Activity:
Could you output every record below exactly, leaving out the pictures?

[Short web captions]
============

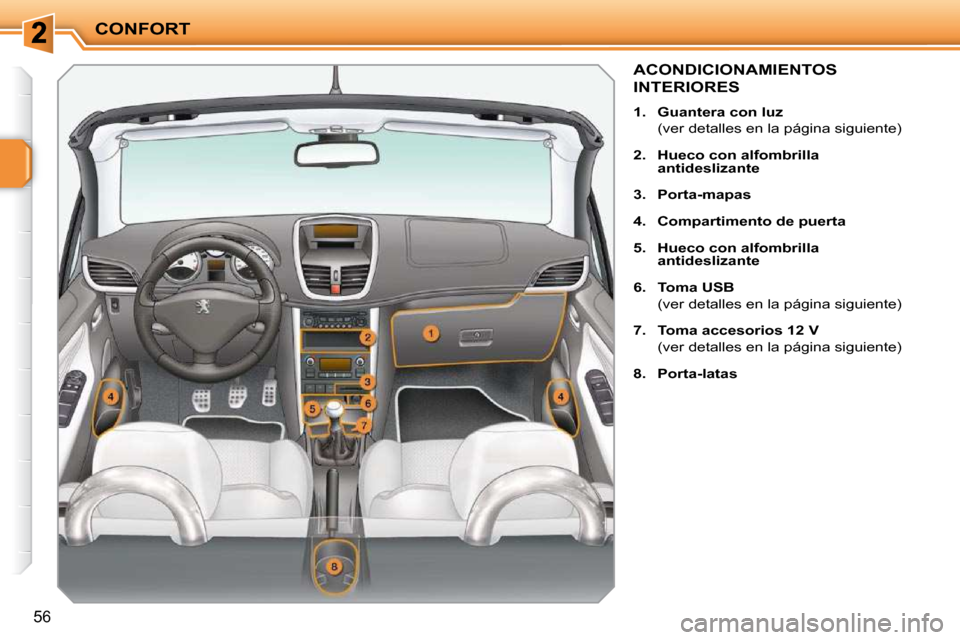 Peugeot 207 CC 2010  Manual del propietario (in Spanish) CONFORT
56
ACONDICIONAMIENTOS 
INTERIORES 
   
1.     Guantera con luz    
  (ver detalles en la página siguiente)  
  
2.     Hueco   
 con alfombrilla 
antideslizante   
  
3.     Porta-mapas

============

Finished task:
 Peugeot 207 CC 2010  Manual del propietario (in Spanish) CONFORT
56
ACONDICIONAMIENTOS 
INTERIORES 
   
1.     Guantera con luz    
  (ver detalles en la página siguiente)  
  
2.     Hueco   
 con alfombrilla 
antideslizante   
  
3.     Porta-mapas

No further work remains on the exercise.